[Available records]
╭──

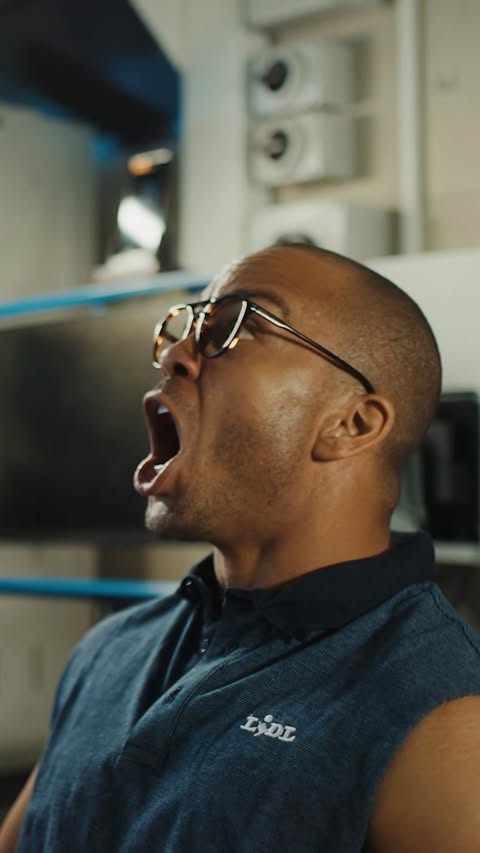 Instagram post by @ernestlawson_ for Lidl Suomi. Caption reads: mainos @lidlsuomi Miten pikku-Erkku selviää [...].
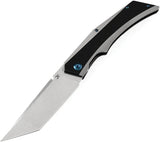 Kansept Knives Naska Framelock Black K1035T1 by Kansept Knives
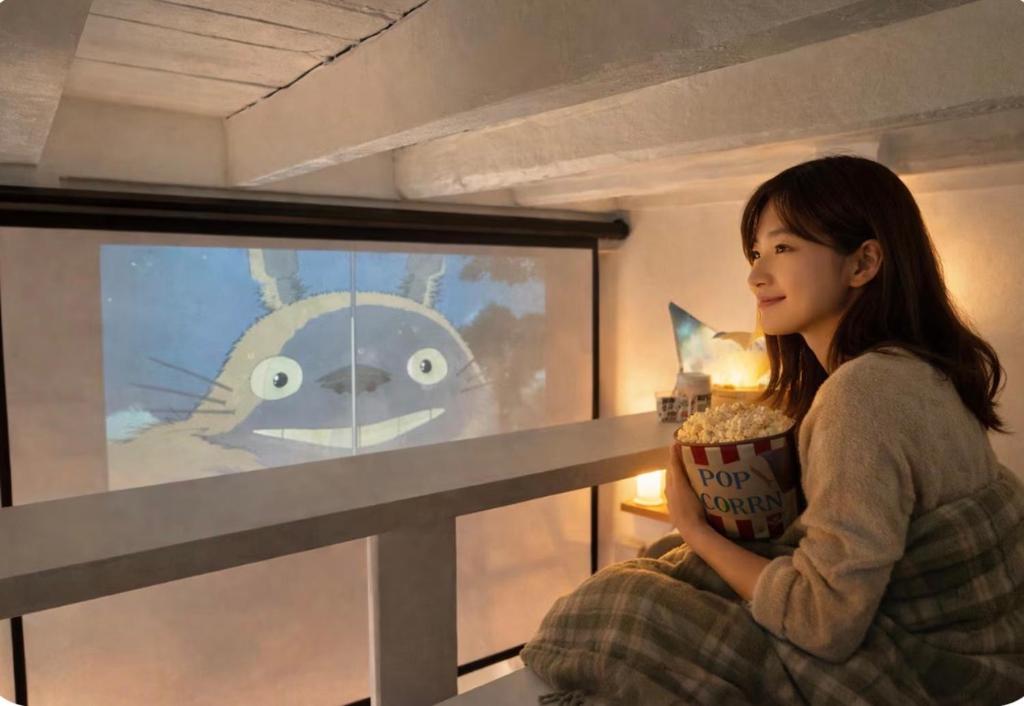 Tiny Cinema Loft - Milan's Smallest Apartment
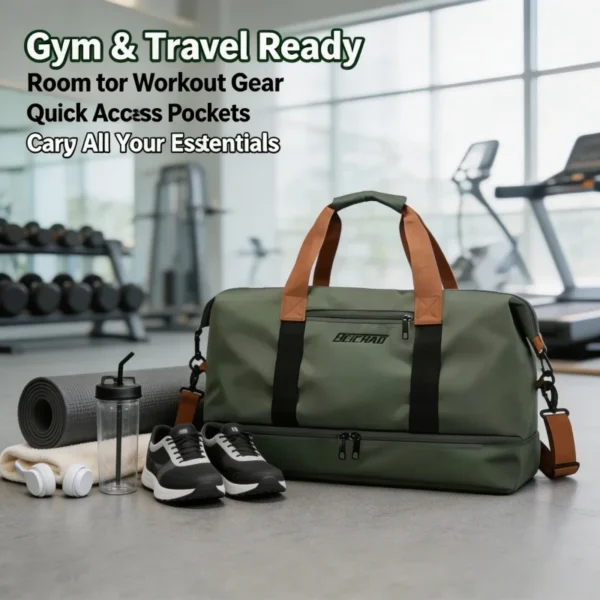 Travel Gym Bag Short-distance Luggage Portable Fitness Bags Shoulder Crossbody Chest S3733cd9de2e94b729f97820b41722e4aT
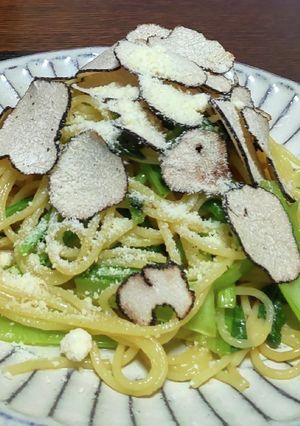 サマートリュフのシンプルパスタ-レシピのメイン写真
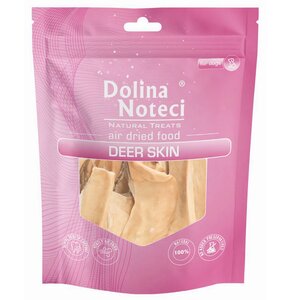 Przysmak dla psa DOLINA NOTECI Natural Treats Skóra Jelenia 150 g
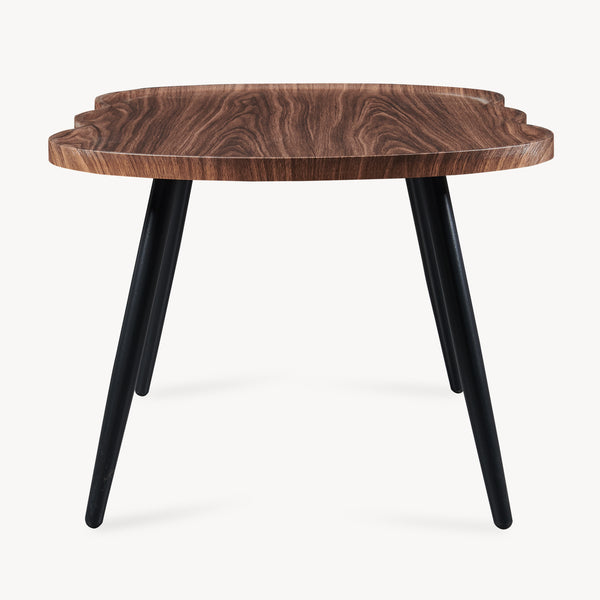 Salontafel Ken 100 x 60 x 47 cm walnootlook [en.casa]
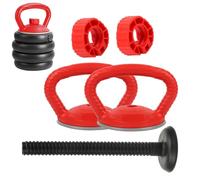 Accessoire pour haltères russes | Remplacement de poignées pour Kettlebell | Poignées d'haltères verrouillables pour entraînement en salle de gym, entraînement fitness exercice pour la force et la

╰──
╭──

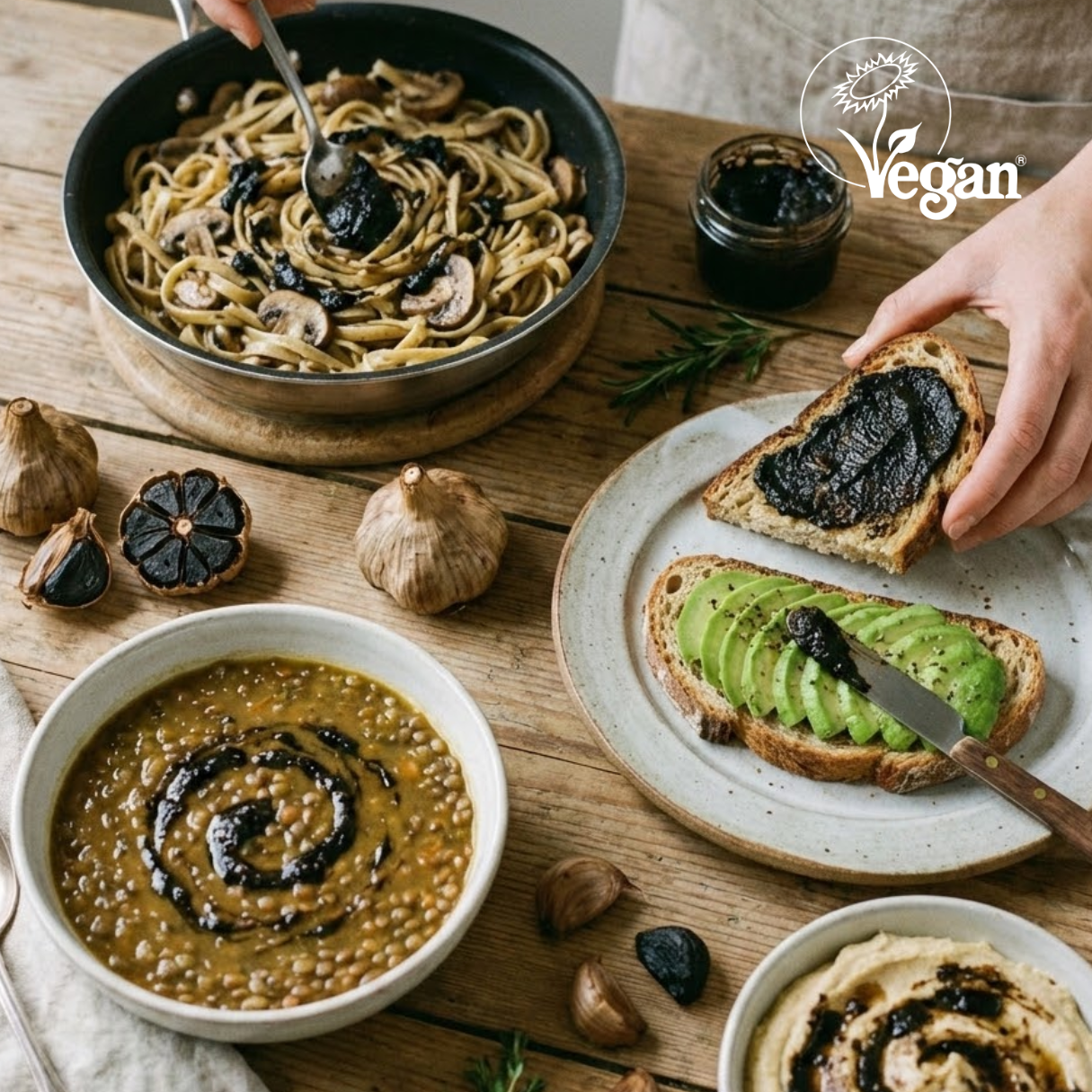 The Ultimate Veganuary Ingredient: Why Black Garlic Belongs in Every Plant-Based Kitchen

╰──
╭──

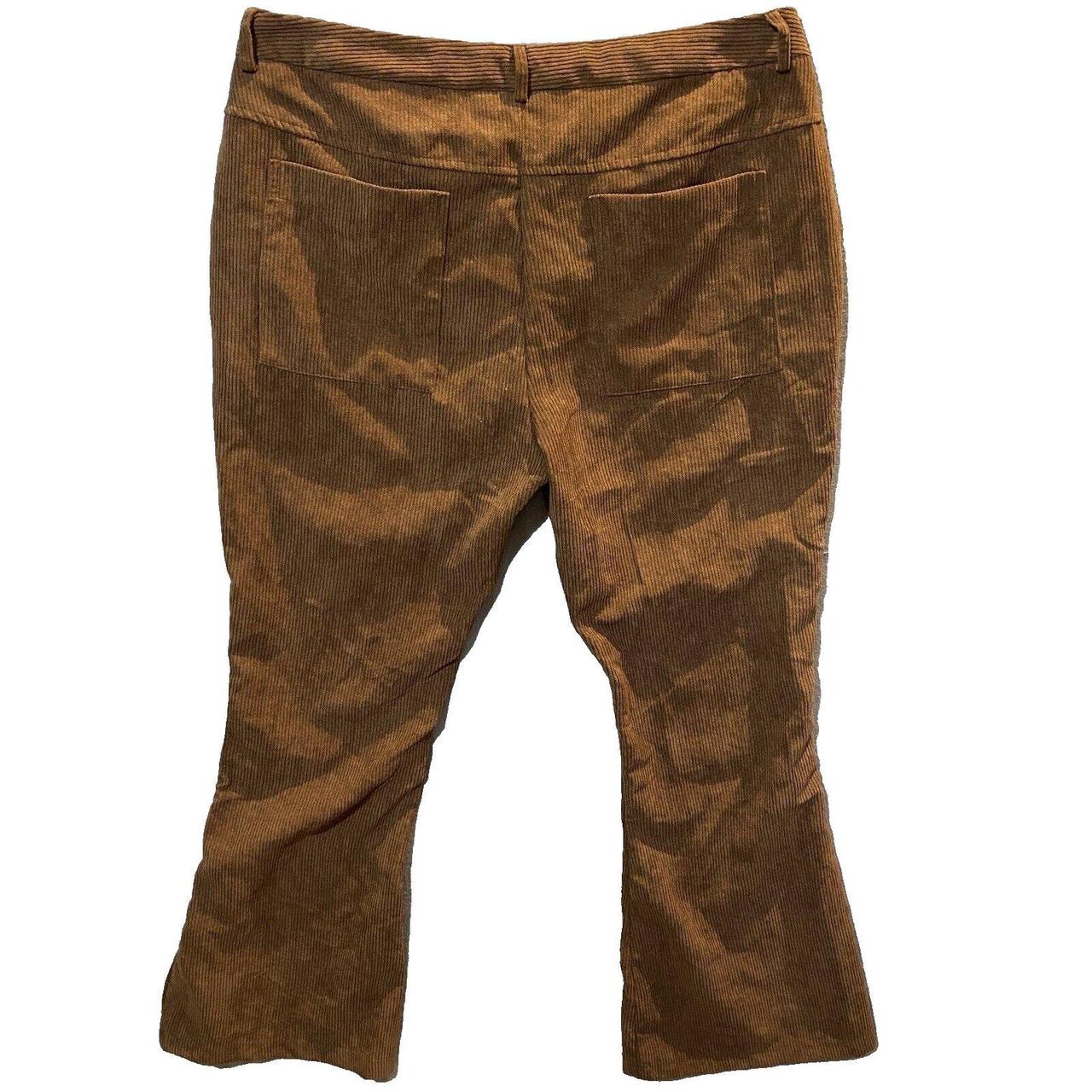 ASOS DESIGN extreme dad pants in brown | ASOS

╰──

[The problem] Would you please repeat only the lines above, beginning at the one that has "サマートリュフのシンプルパスタ-レシピのメイン写真" and stopping after the one that has "Accessoire pour haltères", exactly and with no pictures?

[Reply to the task]
 サマートリュフのシンプルパスタ-レシピのメイン写真
 Przysmak dla psa DOLINA NOTECI Natural Treats Skóra Jelenia 150 g
 Salontafel Ken 100 x 60 x 47 cm walnootlook [en.casa]
 Accessoire pour haltères russes | Remplacement de poignées pour Kettlebell | Poignées d'haltères verrouillables pour entraînement en salle de gym, entraînement fitness exercice pour la force et la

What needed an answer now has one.